Rajoelina war zunächst 2009 von der Armee ins präsidiale Amt eingesetzt worden, nachdem diese infolge von Massenprotesten gegen Korruption seinen Amtsvorgänger Marc Ravalomanana weggeputscht hatte. Nach fünfjähriger »Übergangspräsidentschaft« musste Rajoelina zunächst Abschied von der Staatsspitze nehmen, kehrte jedoch nach der Wahl 2018 dorthin zurück. 2023 wurde er im Amt bestätigt, wobei seine Wiederwahl jedoch von der Opposition angefochten wird. International wird er mit seiner Partei TGV als »Mitte-links« oder vage sozialdemokratisch eingestuft, wovon in seiner Amtsführung aber wenig zu merken ist.

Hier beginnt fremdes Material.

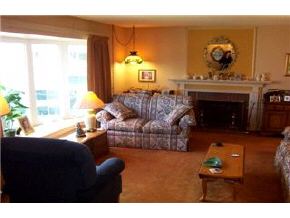 336 West Haven Road Manchester, NH 03104 - Photo 2 of 5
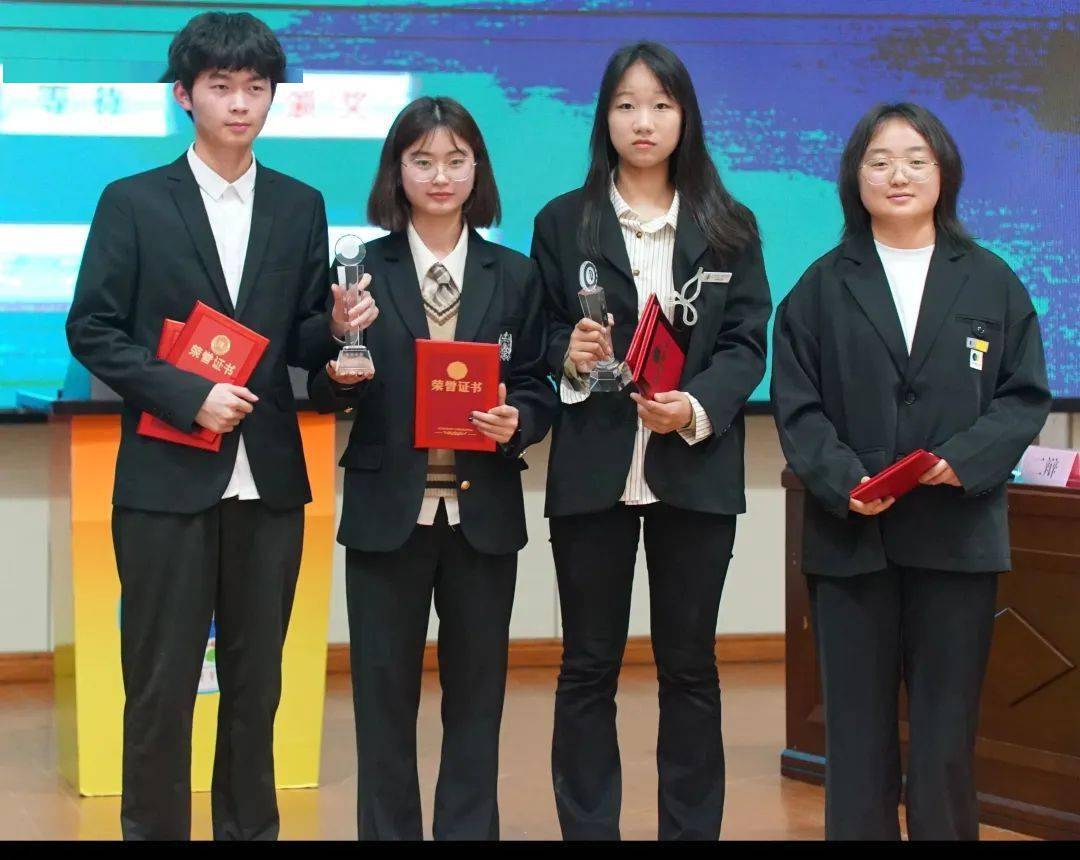 {亚军队伍}{季军队伍}稿件来源:社团工作中心实习小编:冯雨欢 王欣娅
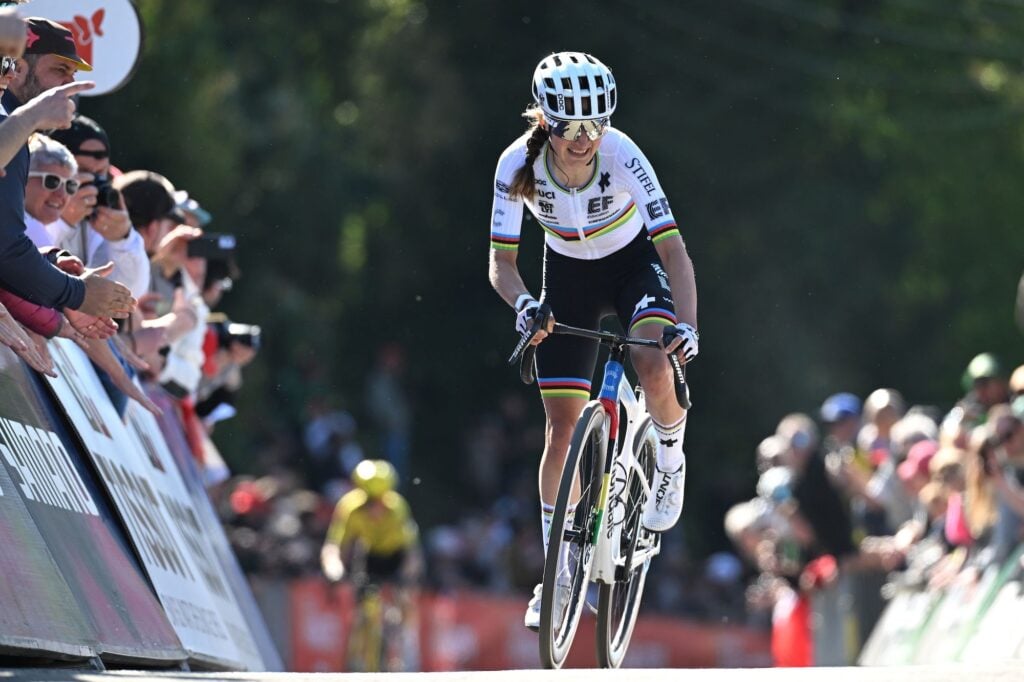 divA-lot-more-excitement-than-pressure-–-A-world-title-defence-at-home-already-a-dream-for-Magdeleine-Vallieresdiv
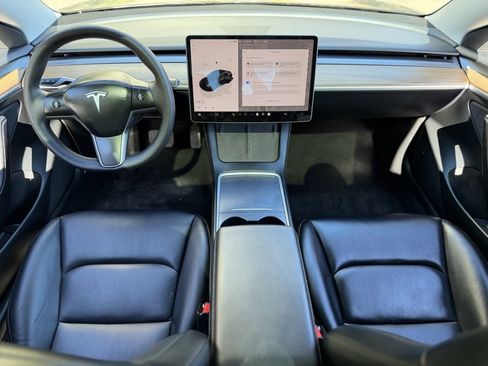 Used 2023 Tesla Model 3 Standard Range image 40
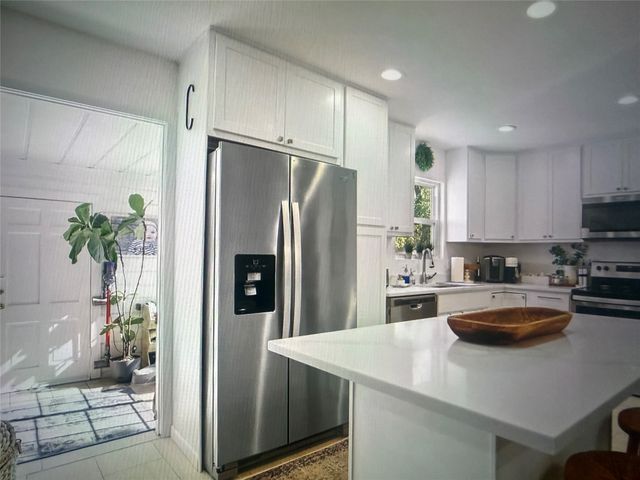 8732 Glencrest Lane, Dallas, TX 75209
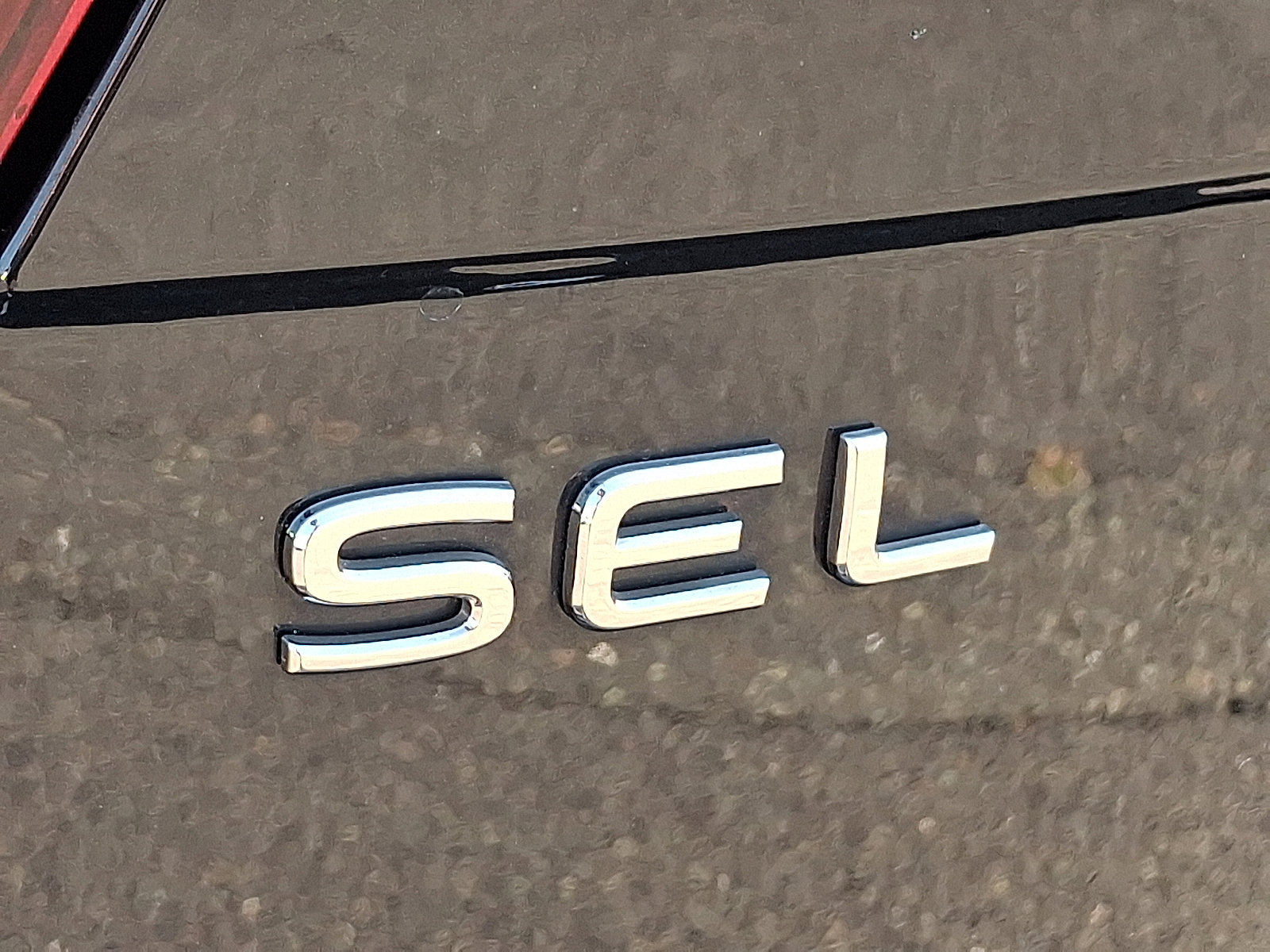 Used 2022 Volkswagen Tiguan SEL R-Line image 31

75 Prozent der Madegassen leben laut Zahlen der Weltbank von 2022 unter der Armutsgrenze, auf dem UN-Entwicklungsindex steht die Insel weit unten. Nach 1972 hatte sie eine sozialistische Ära erlebt. Der ab 1975 und mit vierjähriger Unterbrechung bis 2002 amtierende Präsident Didier Ratsiraka ersetzte das Bekenntnis zum Marxismus im Anschluss an den Zusammenbruch der Sowjetunion durch das zu einer »humanistischen Ökologie«. Nachfolger Ravalomanana verwarf diesen Kurs. Rajoelina seinerseits versteht sich gut mit der Privatwirtschaft und internationalen Mächten, darunter Deutschland.

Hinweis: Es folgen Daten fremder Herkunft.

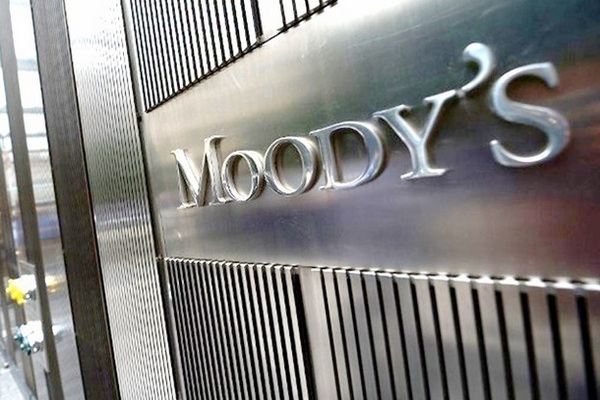 Moody's улучшило прогноз рейтинга Украины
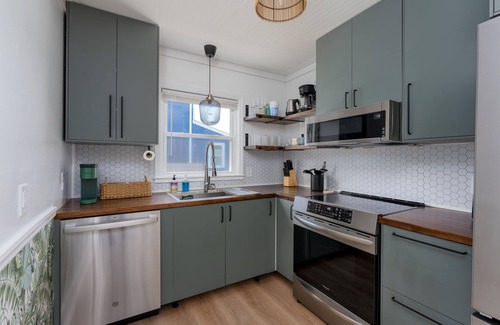 Wrightsville Beach House | Coral House - Incredible Sunsets + Walk to Beach!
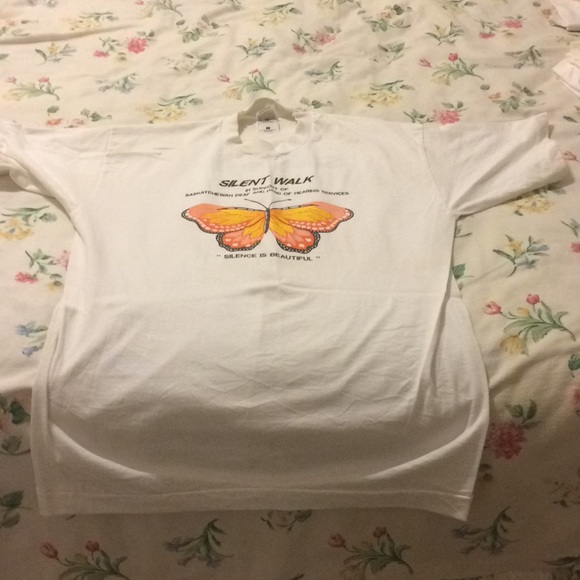 T-shirt - Picture 1 of 2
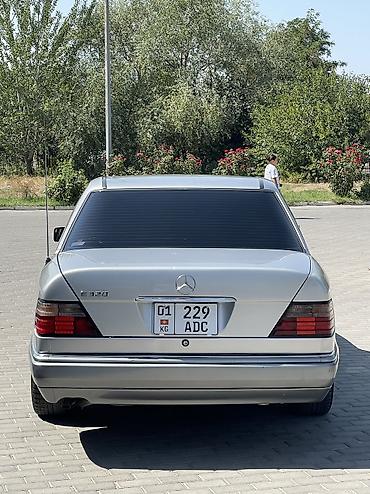 двойной выхлоп: Mercedes-Benz W124: 1993 г., 3.2 л, Автомат, Бензин, Седан — 4
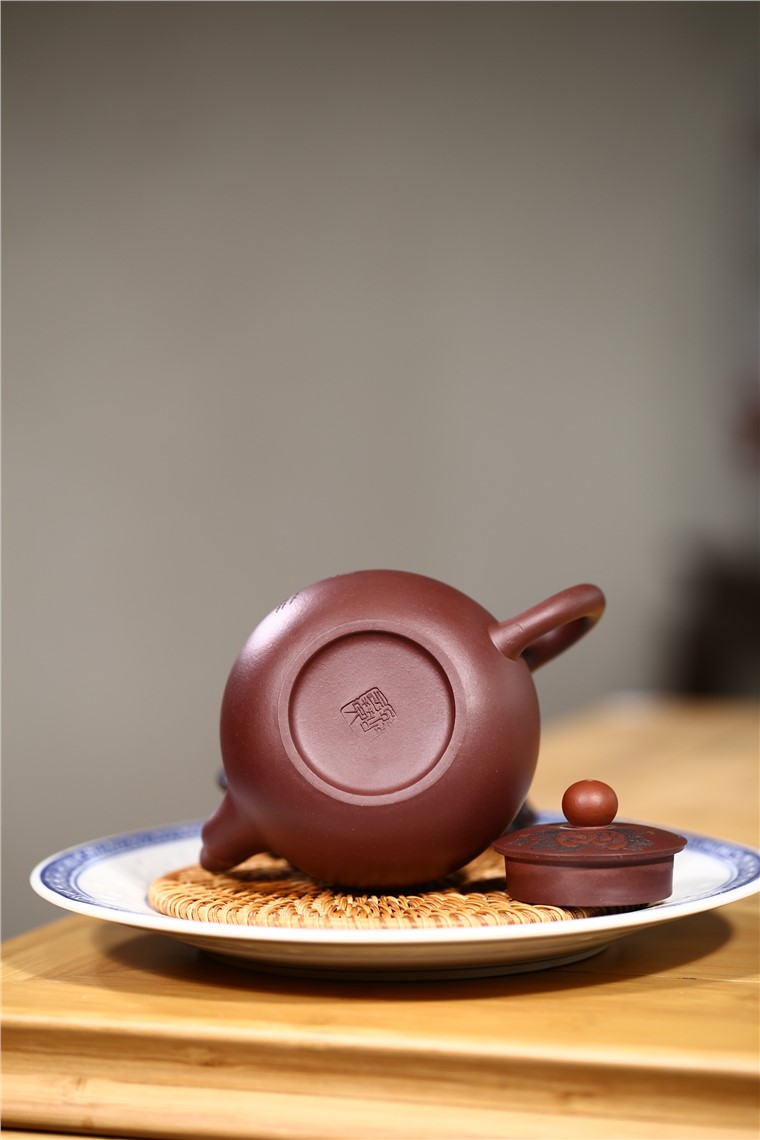 邵云琴作品 国色牡丹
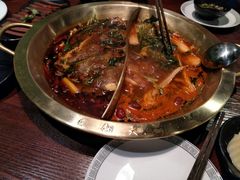 -重庆爽翻天老火锅(临平万达广场店)
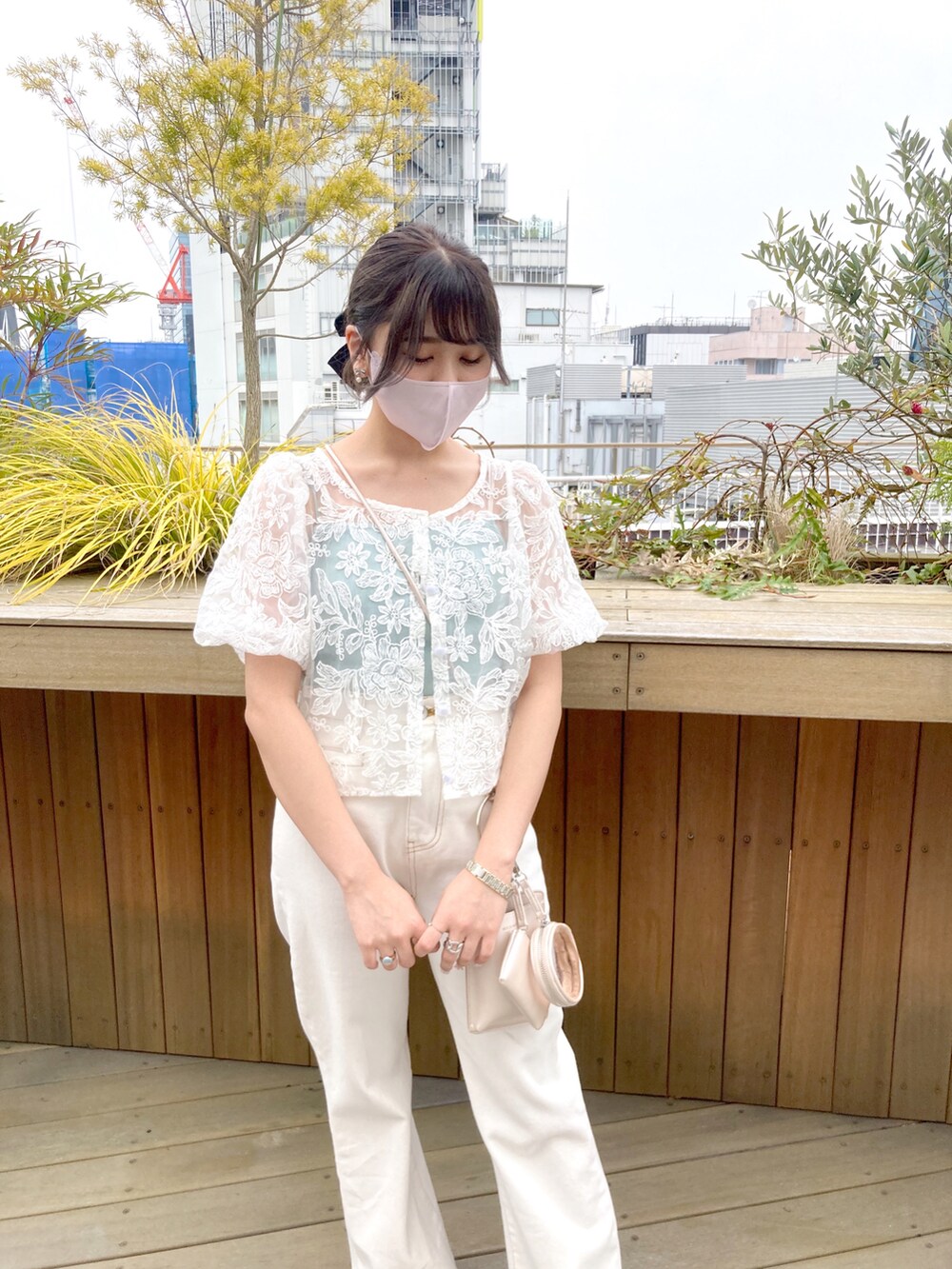 ホワイト系のシャツ/ブラウス、ホワイト系のデニムパンツを着用したレディースの春コーディネートの3枚目の写真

Hauptträger der derzeitigen Protestbewegung sind junge Erwachsene. Eine Trägergruppe bezeichnet sich als »Kollektiv Generation Z«. Als Identifikationssymbol dient auch eine stilisierte Piratenflagge mit Strohhut, die aus dem Manga »One Piece« entlehnt ist und zuvor bei Protesten in Indonesien und Nepal gezeigt worden war. Madagaskar ist nicht das einzige Land, in dem gegenwärtig Proteste der »Gen Z« stattfinden – am Wochenende folgte auch Marokko.